In August 1991, Weiner was a menial force in New York politics, just weeks before the September primary he was slated to lose. His political mentor, then Brooklyn Rep. Charles Schumer at the time had little pull in the city political establishment.

The Crown Heights Riots, which meant a trying time for black and Jewish relations in Brooklyn, was a saving grace for Rep. Weiner.

Weiner's opponent during his Councilmatic campaign was Adele Cohen, who was backed by the Majority Coalition, which had ties to Dinkins. An unsigned mailing circulated and it read The Majority Coalition endorsed Adele Cohen, the mailing reads. Obviously she agrees with the Dinkins/Jackson agenda. Do you?

Weiner admitted to penning the flyer, but claimed he didn't endorse the piece because I didn't want to confuse the messenger with the message.

The goal was a clear attempt to shift Cohen loyalists to Weiner and it worked. That September he won the primary by less than 200 votes.

His coarse appeal to racial fears in his mostly white Jewish district effectively meant playing the race card. Weiner's cloak and dagger politics was legal under a loophole in New York state law at the time. Had it been a Federal election, Weiner would have been fined or tossed in jail because under Federal law campaign literature must disclose its source.

His pompous style is well noticed on Capitol Hill, he actively engages with members from his party but Weiner is largely a man of his own accord.

In recent months, he has become the mouth piece for the Democratic Party on issues ranging from the James Zadroga Act to opposing the Ryan budget proposal.

Weiner associates with the Democratic Party leadership on as needed basis; his call to Rep.

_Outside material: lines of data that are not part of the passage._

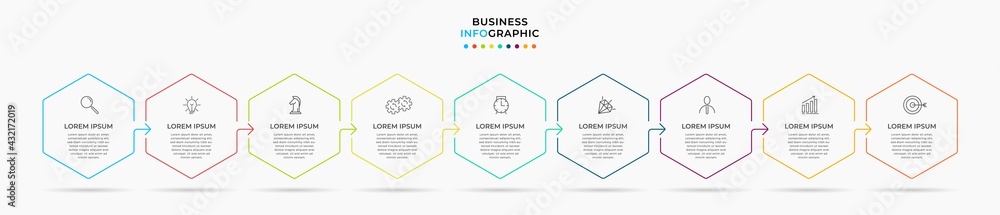 Infographics design vector and marketing icons can be used for workflow layout, diagram, annual report, web design. Business concept with 9 options, steps or processes. Infographics design vector and marketing icons can be used for workflow layout, diagram, annual report, web design. Business concept with 9 options, steps or processes.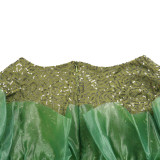 Women's African Plus Size Sequins High Waist Christmas Party Dress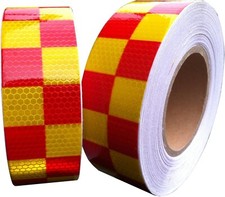 Hi Vis Viz DIY Chequer Chequered Reflective Stickers Vinyl Self-Adhesive Tape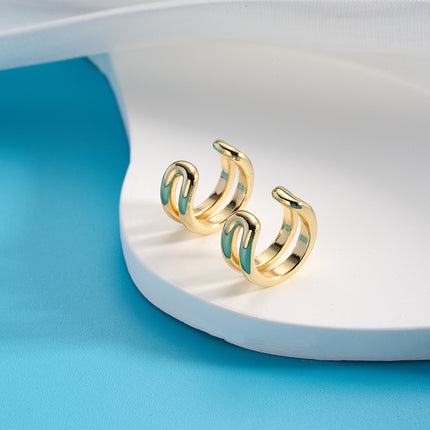 Aretes Chapado En Oro 14K, Earcuff Forma De U Estilo Retro y Simple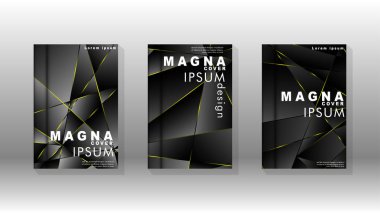 Fantezi çokgen kapak desen arka plan tasarımı. sarı üçgen çizgi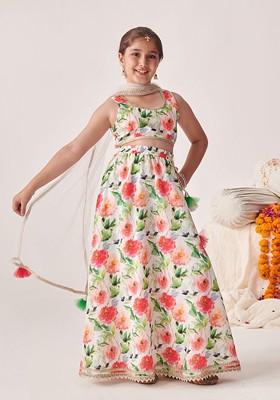 White Printed Blended Lehenga Choli For Girls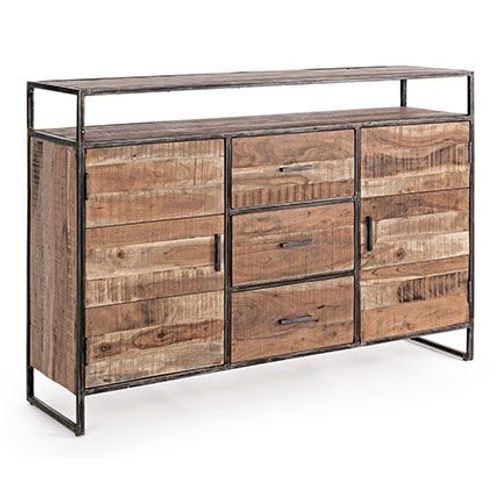 Buffet 2 Portes 3 Tiroirs 150x40x105 Cm En Acacia Et Métal - Nesly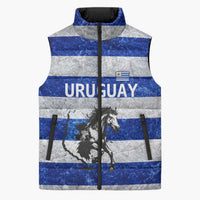 Uruguay Sleeveless Puffer Jacket with Wild Horse Illustration Blue Gray Striped - Wonder Print Shop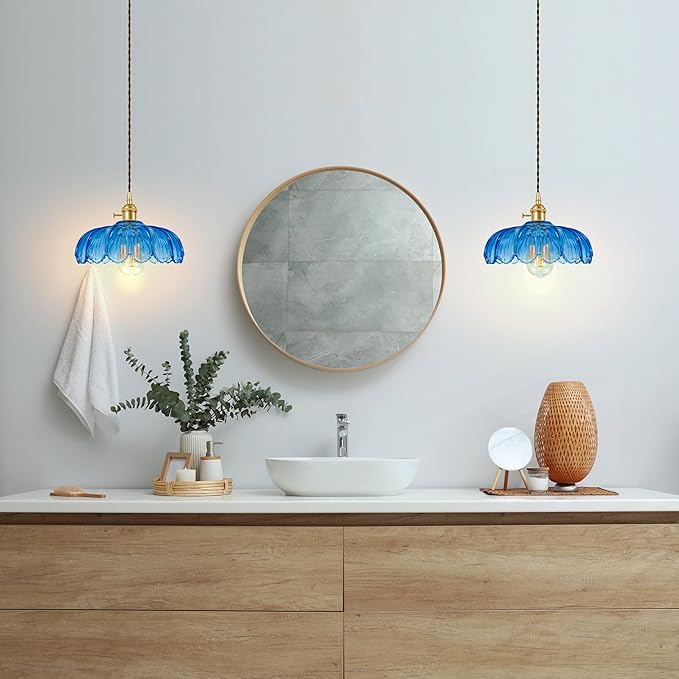 Pendant Light Fixture, Hanging Light Fixture, Glass Shade Pendant Light with Rotary Switch, Modern Lamp for Kitchen Island, Bedroom, Dining Room, Living Room (Blue Lotus, Hard-Wired)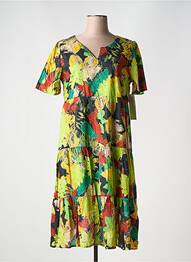 Rochie midi imprimeu floral mâneci scurte verde AGATHE & LOUISE femeie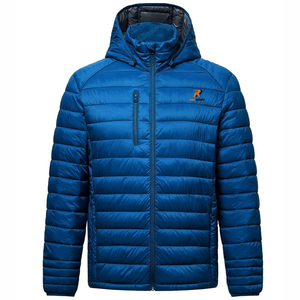 hooded zipper puffer jackets for men's breathable new design outdoor fit Factory price puffer jackets long sleeves - Product Image 1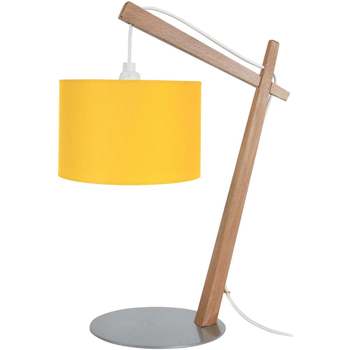Casa Lampade d’ufficio Tosel lampada da comodino tondo legno naturale e giallo Beige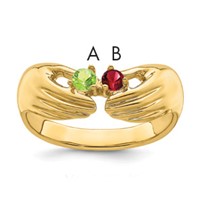 14K Yellow Gold 2 Genuine Stone Family Ring view 1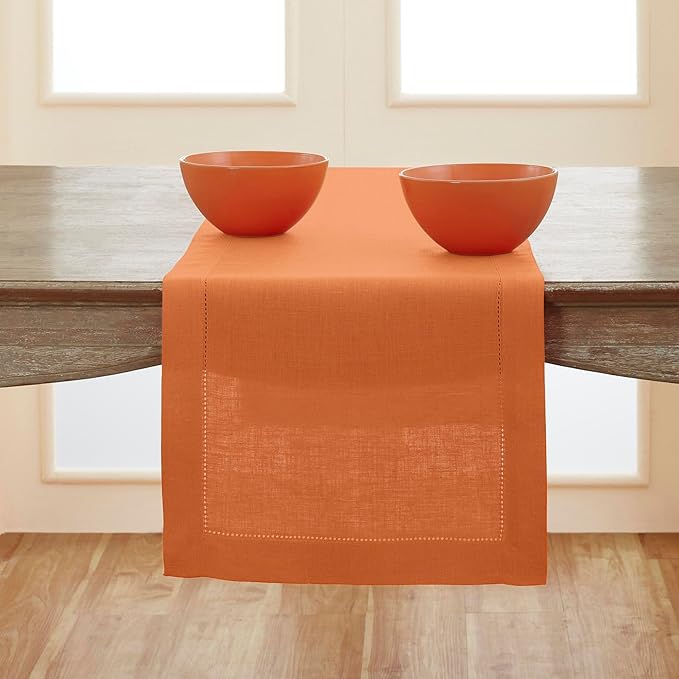Solino Home Linen Pumpkin Table Runner 132 Inches Long - 100% Pure Linen Extra Long Table Runner 14 x 132 Inch - Classic Hemstitch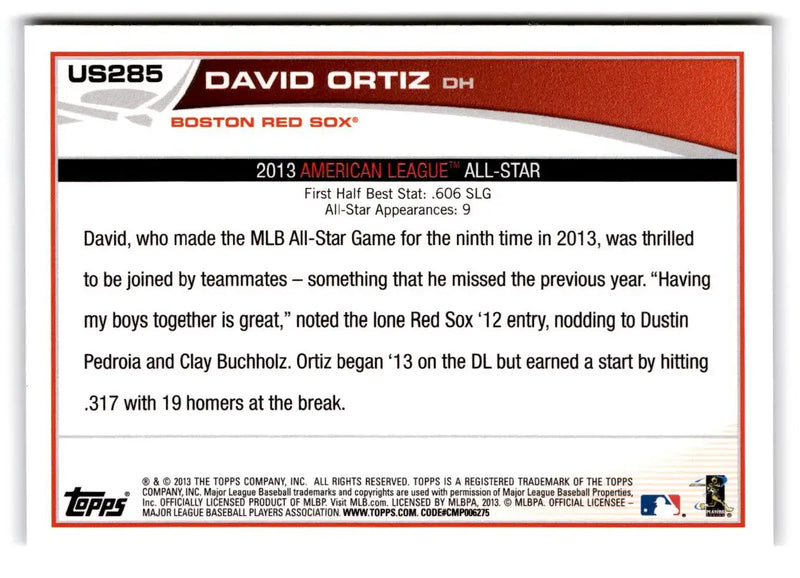 2013 Topps Update #US285a David Ortiz - Baseball Card Single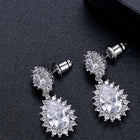 Stunning Emerald Bliss Dangle Earrings - Silver- White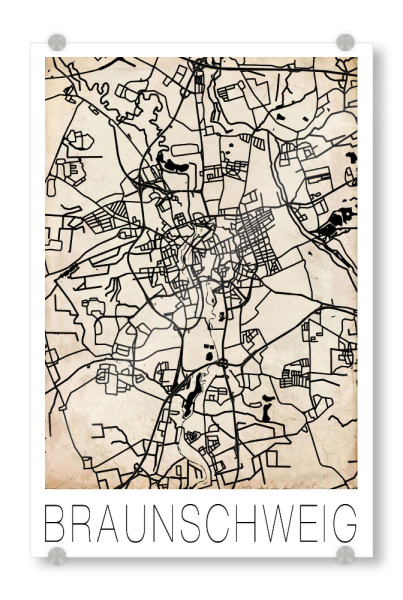 Acrylglasbild "Retro Map Braunschweig Vintage" artboxONE - Städte,Städte / Weitere,Kartografie - Retro,Map,Braunschweig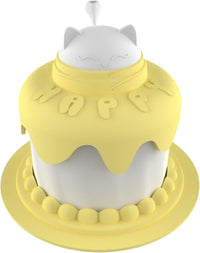HKM-7336765 Cat Birthday Celebration Set with Cake-Shaped Slow Feeder Bowl, Food Can Cover & Spoon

Pelosi was more of a formality than a friendly call to admit his indiscretions.

His time in Congress has meant no landmark accomplishments, he is mostly known for his passionate rant over a bill that funded health care costs for 9/11 first responders. When the bill was stalled in the House last year, Weiner admonished Republicans who opposed the bill over Congressional procedural concerns.

The latest development that Weiner sent photographs of himself in front of a mirror at a Congressional gym was enough for a top Democratic strategist to say he will have to resign.